Problem details:
Lines from the one containing "3 Product Bundle Fresh Food for Tortoises" through the final line of the data, restated word for word and free of pictures, make up the whole answer.

[Source records — start]

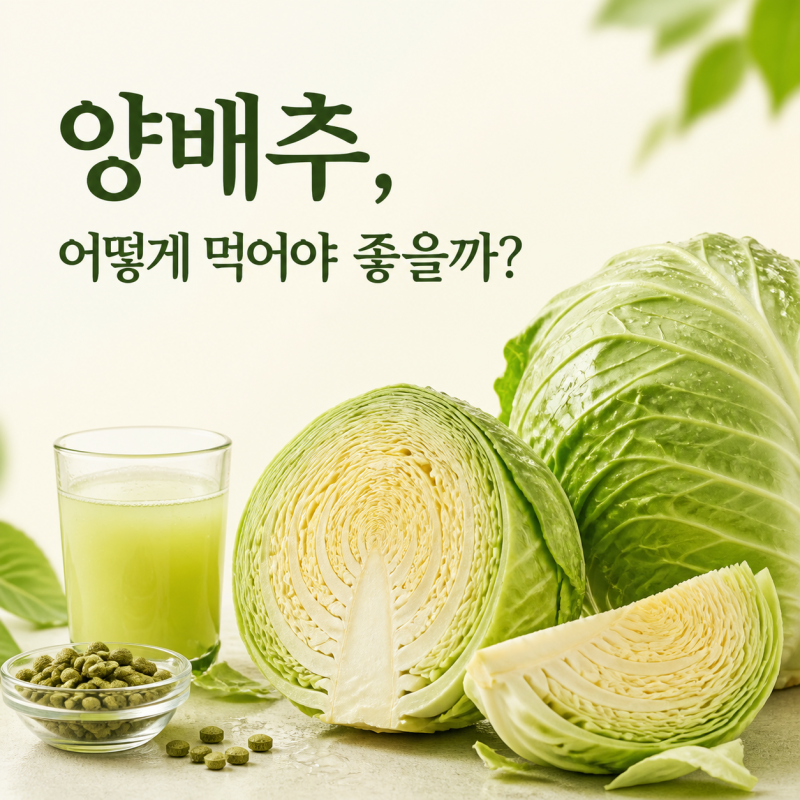 양배추 효능 3가지, 갈아마시기 즙먹는방법 및 양배추환 까지
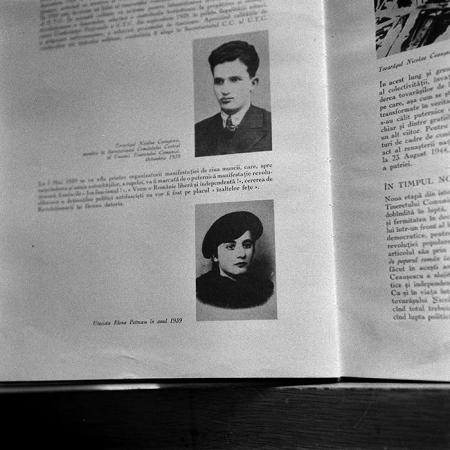 minerva_reproduceri_c1_c2r2_004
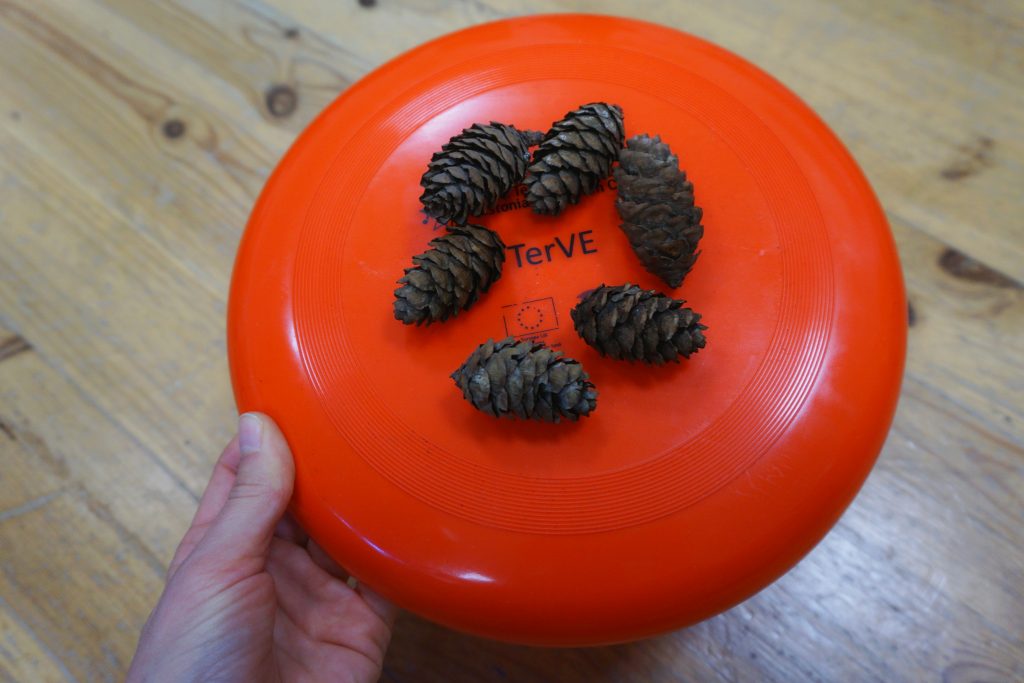 Distantsi mõõtmine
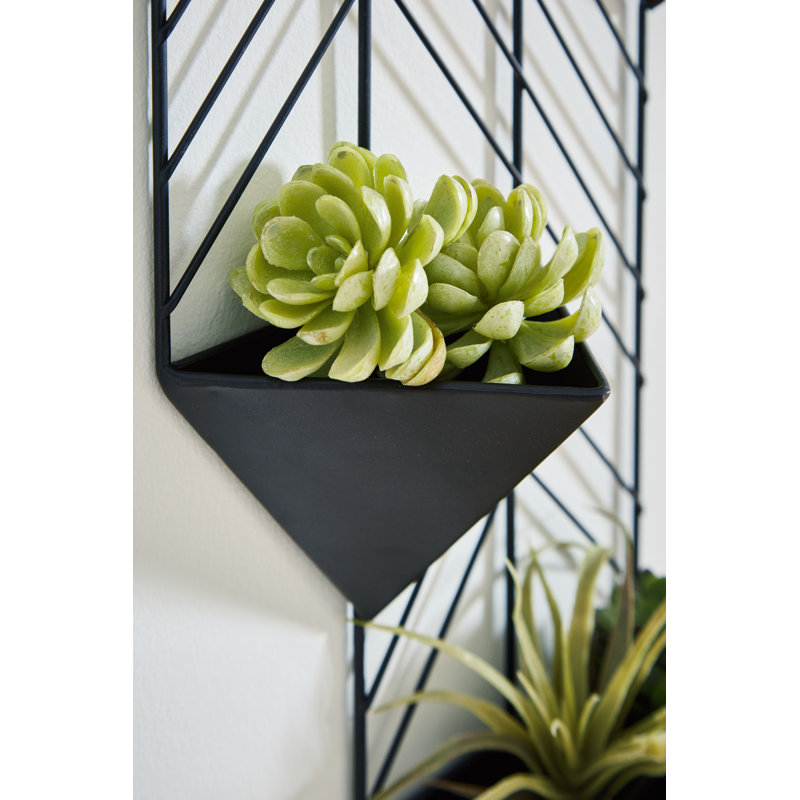 Black Metal Contemporary Indoor/Outdoor Wall Planter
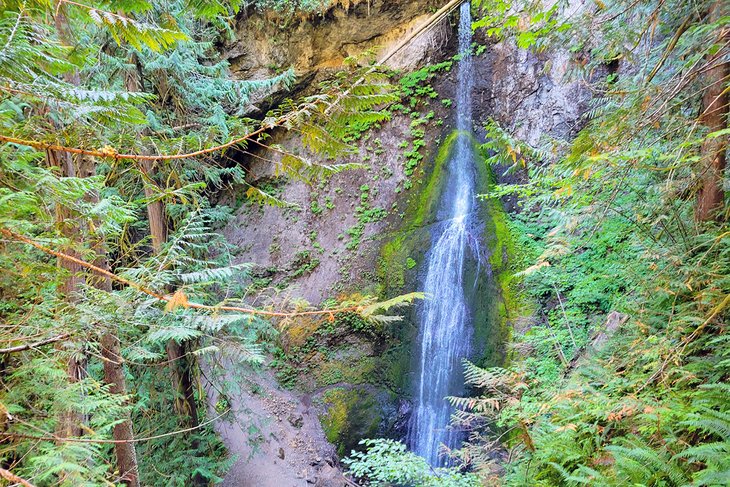 marymere falls trail map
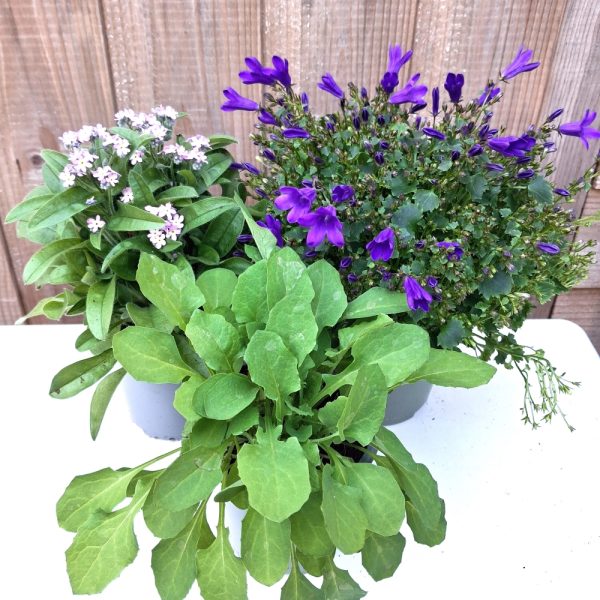 3 Product Bundle Fresh Food for Tortoises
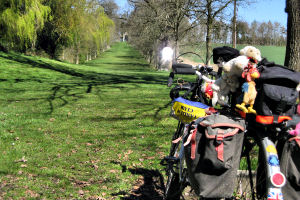 Tandem at Shobdon Church looking towards the Arches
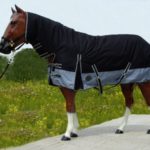TACK Reitsport. Sie lieben den Pferdesport? Wir auch! Darum bieten wir Ihnen Top Reitsportbedarf für Reiter, Pferd und Reitstall, denn Reitsport verbindet.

[Source records — finish]

Solved exercise:
 3 Product Bundle Fresh Food for Tortoises
 Tandem at Shobdon Church looking towards the Arches
TACK Reitsport. Sie lieben den Pferdesport? Wir auch! Darum bieten wir Ihnen Top Reitsportbedarf für Reiter, Pferd und Reitstall, denn Reitsport verbindet.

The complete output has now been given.